▶ Aim of the task
Print exactly the first lines of the records. Stop after the line containing "As far as exploration", and leave every picture out.

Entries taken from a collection

* * * * * * *

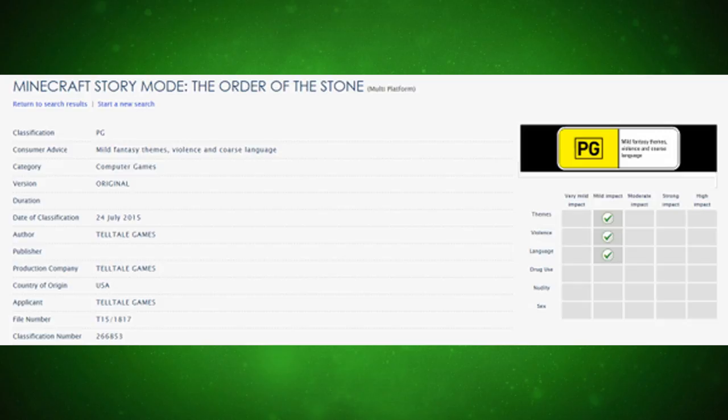The classification number is 266853. You can see themes will be mild impact, violence will be mild impact, language will be mild impact - so no blood.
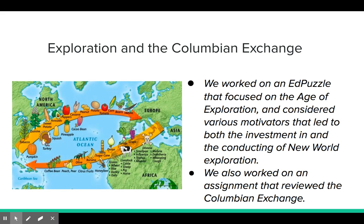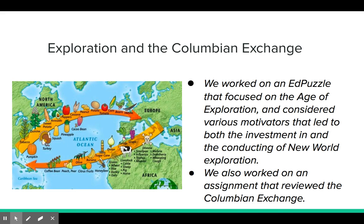As far as exploration and the Columbian Exchange, we worked on an ed puzzle that focused on the age of exploration and considered various motivators that led to both the investment in and conducting of new world exploration. We also worked on an assignment that reviewed the Columbian Exchange — the exchange of animals, plants, diseases, and people between the old world and the new.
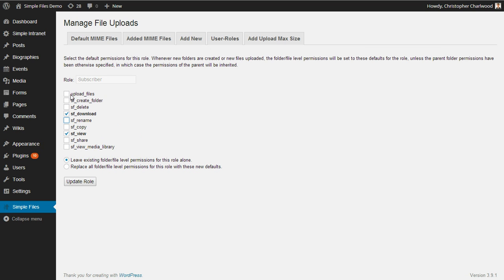Here, if you were to uncheck Upload Files, you can prevent subscribers, for example, from being able to upload anything. And by the same token, you can also allow them access to the media library so they can view the media library of uploaded files. But currently both of those options are disabled for subscribers.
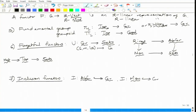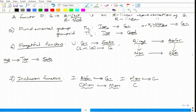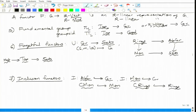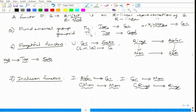Inclusion functors include: commutative monoids to monoids, commutative rings to rings, abelian groups to groups (and further to monoids to semigroups). From abelian groups to commutative monoids is also an inclusion. For the functor from groups to monoids: a group is automatically a monoid, so it is an inclusion functor from the category of groups to the category of monoids, and further you can include monoids into semigroups.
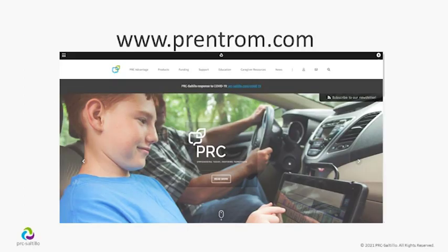For information about our products and services, please visit us on the web at PrintROM.com.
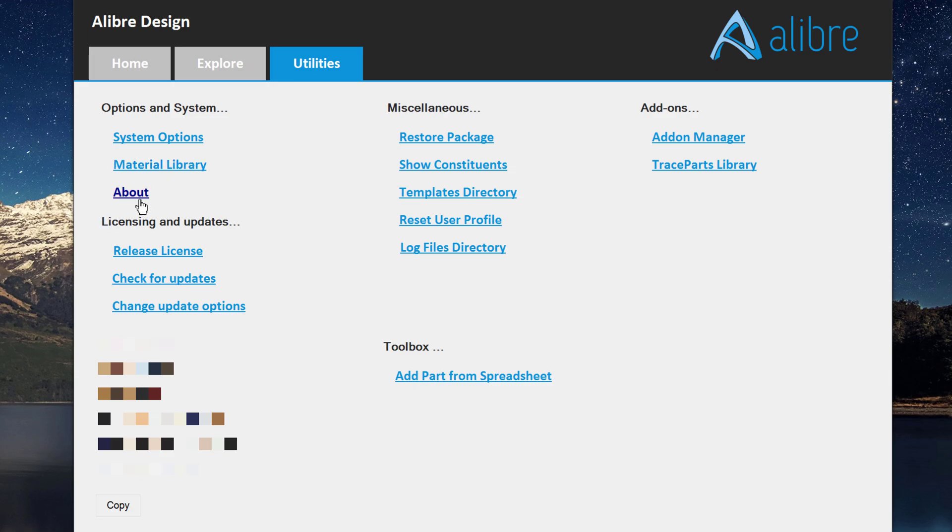You also have the About file if you'd like more information about the Alibre install or version history. You also can release your license, check for updates and change update options.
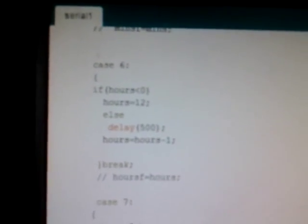In case 4, the minutes are incremented by 1. If minutes is greater than 60, minutes equals minutes plus 1. In case 5, if minutes is less than 0, the minutes go to 60 and minutes are decremented — minutes equals minutes minus 1. Let's go to cases 6 and 7. Case 6 is similar to case 1, only if hours is less than 0, hours is set to 12. Otherwise, hours equals hours minus 1.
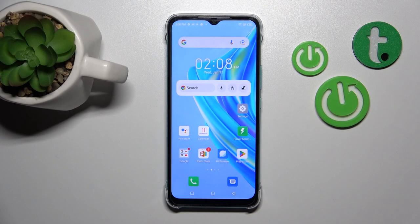Hi, today in front of me is the Infinix Hot 20i, and I'll show you how to edit notification panel shortcuts on this device.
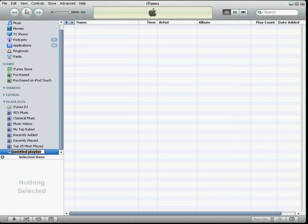At the bottom left, you will see an untitled playlist. It is blinking, which means you can give it any title you like. I will call it My Audio CD. Hit Enter to hold the name.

* * * * * * *

▶ Output
The classification number is 266853. You can see themes will be mild impact, violence will be mild impact, language will be mild impact - so no blood.
As far as exploration and the Columbian Exchange, we worked on an ed puzzle that focused on the age of exploration and considered various motivators that led to both the investment in and conducting of new world exploration. We also worked on an assignment that reviewed the Columbian Exchange — the exchange of animals, plants, diseases, and people between the old world and the new.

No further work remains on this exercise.